The Left Front's campaign, particularly in the last three months, was aided by the opportunism of the Opposition. Alliances were made and unmade with great speed amongst the principal Opposition parties, the Trinamul Congress, the Congress(I), and the Bharatiya Janata Party (BJP). Lesser deals were struck by the Trinamul Congress-Congress(I) alliance with chauvinist and secessionist parties like the Jharkhand Mukti Morcha and the Kamtapuri People's Party. Despite her resignation from the Union Cabinet, Mamata Banerjee could not but be spattered with some Tehelka mud. As a consequence, the Opposition alienated large sections of its base, its urban vote base in particular. Support for Mamata Banerjee, a rising force in Bengal politics a few years ago, appeared quickly to erode in the last few months.

"Bengalis," said Ashok Mitra with a smile, "are fascinated by goddesses of deliverance." In a conversation with Frontline on the Mamata Banerjee phenomenon, he said that her "support grew amongst that section of the population that was looking for deliverance from Left Front rule: sections from the newspapers, the bureaucracy, police, slum dwellers, and the underworld." Things changed in the last three months, though: "In her election campaign she used the language of the underworld, of the gutter. The middle classes that had earlier applauded her from the side-lines soon turned against her." By contrast, Bhattacharjee refused to be drawn into personal slanging matches with any leader of the Opposition. Mamata Banerjee's programmme-less campaign created insecurities that deepened as the elections neared. "Businessmen, industrialists and small traders who wanted a stable administration knew there would be chaos with this lady," Ashok Mitra said. "They wanted to function within the modalities of a system." The Left Front campaign reacted quickly to the nervousness that was building up over Mamata's "whimsical" (the Ajit Panja adjective that has stuck) political style. The Front urged the electorate to choose against anarchy and for stability, and the erosion of support for Banerjee allowed the Left Front to penetrate new political spaces.

Left Front leaders concede freely that the nature of the Opposition aided the Front's path to victory. The primary reason for its victory, however, was its extraordinary record of achievement, particularly in the countryside (see separate story). The number of persons below the official poverty line in rural West Bengal as a proportion of the rural population fell from 56.3 per cent in 1977-78 to 26.9 per cent in 1997. The basis for such a change is clear: the Left Front's policy of land reform and the establishment of a three-tier system of panchayats - its own variant, so to speak, of a policy of "walking on two legs". In 1984, during the anti-Sikh atrocities, and in 1992-93 in the aftermath of the destruction of the Babri Masjid, the Left Front government successfully protected its minorities: indeed, there have been no communal riots in this State nor any instance of organised violence against the people of the Scheduled Castes and Tribes.

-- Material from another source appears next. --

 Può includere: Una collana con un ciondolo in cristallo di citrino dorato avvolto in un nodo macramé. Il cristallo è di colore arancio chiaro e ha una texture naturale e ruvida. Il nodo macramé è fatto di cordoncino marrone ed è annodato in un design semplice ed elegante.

LEFT Front leaders emphasise, on public platforms and in the media, that although the vote was, in one sense, a vote for continuity, it was also a vote for social and economic change in West Bengal. "The only alternative to a Left Front is a better Left Front" Surjya Kanta Mishra, Minister for Health and Family Welfare and Panchayats and Rural Development told Frontline. This concern for change and improvement informs a vision-in-the-making for West Bengal, one that builds on the achievements of the past 24 years. The picture that emerges is one in which the Left Front will attempt to consolidate and build on its gains, particularly in agriculture and rural development, and will seek to push ahead in respect of school education, health, infrastructure development and industrialisation, with an overall concern for employment-generation.

Nirupam Sen, Minister for Development and Planning, and Commerce and Industry, outlined some elements of this vision in an interview with Frontline. Sen is from among the younger generation of CPI(M) leaders who were part of the student movement of the 1960s and 1970s. He is from Barddhaman district, the heartland of the Communist movement, and was actively involved in building the party organisation and trade union movement in Barddhaman, and later at the State level. This is his first term as a Cabinet Minister.

Sen underlined the importance of planned development in the Left Front's agenda for the next five years. A major area of concentration for the Left Front in this term of office, as mentioned, is industrialisation. "The limitations under which the State government has to function are known," he said. "In a neo-liberal set-up, when the entire country is going through a deindustrialisation process, it is extremely difficult to industrialise a State, particularly in the context of the closure and dismantling of the public sector in the country as a whole." In spite of that, he said, "we have to take up the challenge of industrialising our State".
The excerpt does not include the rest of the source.